Sorry for the radio silence this past month. As most of you know, I was visiting home for the summer. It was nice to be home, but it's also nice to be... home. That's grammatically difficult in both English and Japanese. I've tried explaining all summer, "I'll go home on ~ and then I'll come home on ~" to Japanese and "I came home on~ and I'll go home on ~" to Americans. But I've never really differentiated between permanent and temporary homes. If I would be there more than a week, I'd call it home. I never got homesick at camp because I knew the house would still be there when I return - I did, however, get campsick because I didn't know if I could go back. I didn't miss Japan because I knew I'd be back soon - I don't want to think what state I'll be in when I have to leave for good.

I'll have a few days of relaxing and unpacking before school starts.


Along with teaching English in Japan jobs, I also considered teaching English in Russia. (To the point that people who didn't see me often were confused by the sudden destination shift.) I went with Japan because it was my new love at the time - and still - whereas Russian language after three years of studying it was like being half of an old married couple. Seeing this article gives me another reason to be grateful for that decision.
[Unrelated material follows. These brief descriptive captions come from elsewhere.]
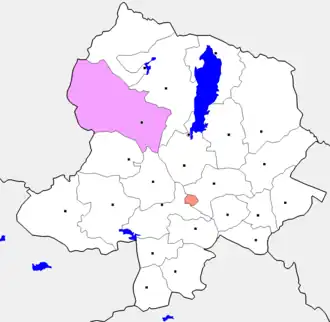 Улаан-Уул на карте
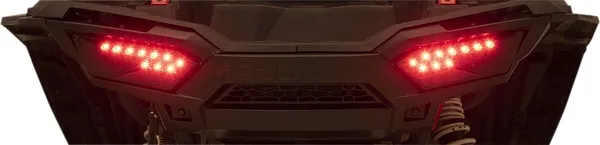 Led Taillights Black -1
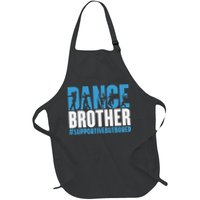 Dance Brother Supportive But Bored Funny Dance Sister Apron
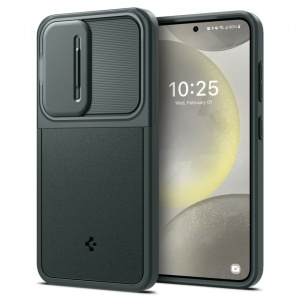 Husa Samsung Galaxy S24 Spigen Optik Armor Abys Green - Img 1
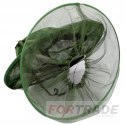 Hat with mosquito net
Perhaps I just missed television in general, or perhaps Japanese television in particular. Since I've been back:

One of the cooking/travel shows visited a tofu making shop, which was fascinating to begin with. Then they made something with thick pieces of tofu wrapped around slices of carrot and potato (I think). They wrapped this "tortilla" in a layer of large straws, tied them at the end like a piece of candy, and boiled the whole thing. The resulting food they cut into pretty slices like sushi. The outside edge of the tofu had a scalloped texture from the straws. It looked like a very interesting dish.

There was also a feature on the 2000 yen bill, which is about twenty dollars. Apparently they are as rare as the two dollar bill. They illustrated this with stick figures of an individual, a bank, and the printing company, and I'm not sure why but the banks send the bills back to the printing company rather than distributing them. Out of fifty people in Tokyo, only one had ever held one. In Okinawa, however, they are more common - perhaps because there is a picture of Shureimon, a famous landmark there. Out of fifty, seven people currently had them in their wallet. One old man had several. The host - with permission - flipped through his money. "Grandpa... why do you also have American dollars?"

One of the groups I like for their down-to-earth nature (sometimes literally) is TOKIO. They have a show where they take care of a village, a farm really, with all sorts of animals and crops and crafts going on. It's one of the most fascinating things on TV. Today they were looking in the surrounding woods for kabuto mushi, the rhinoceros beetle. It's a common hobby here for boys to keep them as pets. They found a few eggs, and put them in a special dirt hole with cameras trained on them. That's why I love this show, it's always showing the time-lapse view of melons swelling, seeds sprouting, all the things we don't have time to sit and watch. Even though I'm not a huge beetle fan, seeing this tiny white speck become an enormous black beetle, hard and shiny and horned, is impressive.

On a side note, I wonder if animal rights activists ever get on the case of people who make their bugs fight each other.